The election is made by checking the box next to Question 6 on page 2 of Form 1041 (U.S. Income Tax Return for Estates and Trusts). If no return is required to be filed for the taxable year of the trust for which the election is made, the election is made by filing a statement with the Internal Revenue Service. The election is binding on that one tax year only; a fiduciary is free to make or not make the election in subsequent years.

Election to Treat Certain Payments of Estimated Tax as Paid by the Beneficiary

A trustee may elect to treat any portion of a payment of estimated tax made by a trust as a payment made by a beneficiary of the trust. This election may also be made by the executor of an estate in a tax year that is reasonably expected to be the last tax year of the estate. This election must be made on or before the 65th day after the close of the taxable year of the trust, which is Wednesday, March 6, 2019 for 2018 estimated tax payments.

The election is made by filing Form 1041-T (Allocation of Estimated Tax Payments to Beneficiaries).

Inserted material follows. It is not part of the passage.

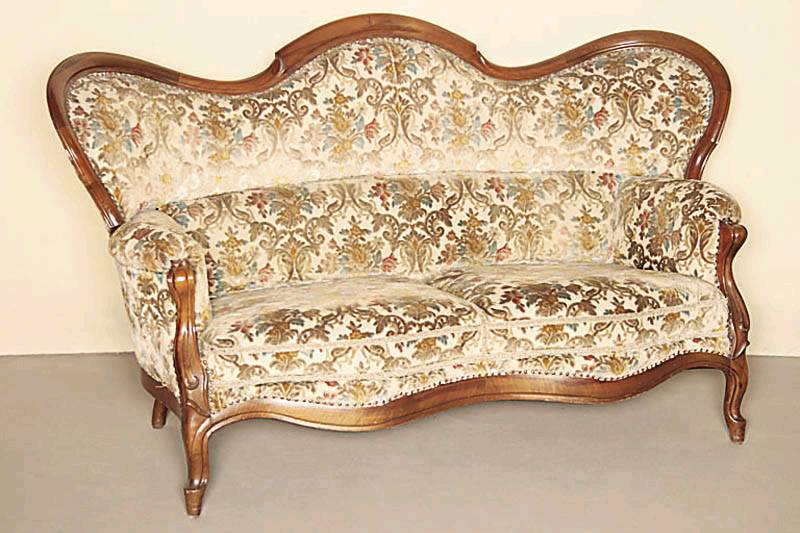 2-sitzer Sofa, deutsch, um 1835/45, Louis -Philippe, Gestell Nußbaum massiv, gerieft, allseitig geschweift, schöne tiefe Schweifung, komplett ...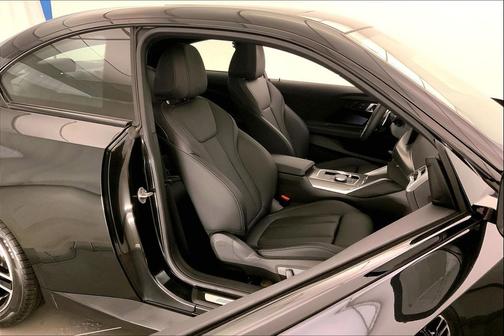 2025 BMW 230 i xDrive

The election must be made, and the Form 1041-T filed, by March 6, 2019. The Form 1041-T may be filed with the related fiduciary income tax return (Form 1041) if they are both filed on, or before, March 6, 2019. Otherwise, the Form 1041-T is filed separately with the Internal Revenue Service Center where the Form 1041 will be filed.

The amount elected is treated as distributed to the beneficiary on the last day of the prior taxable year (i.e., December 31, 2018 for amounts elected by March 6, 2019) and paid by the beneficiary as an estimated payment on January 15 of the following year (i.e., January 15, 2019). Amounts treated as distributions should be considered by fiduciaries when considering the distributions election discussed above.

For Example

A trust made estimated tax payments during the first three quarters of a tax year. The trust’s fiduciary then realizes that a beneficiary attained a certain age, which triggered a mandatory distribution. This mandatory distribution caused the trust’s taxable income to be distributed to the beneficiary. Consequently, the trust is expected to owe little or no tax, but the beneficiary would owe additional tax as a result of the distribution.

By making the election described above, the trust’s estimated tax payments could be treated as made by the beneficiary.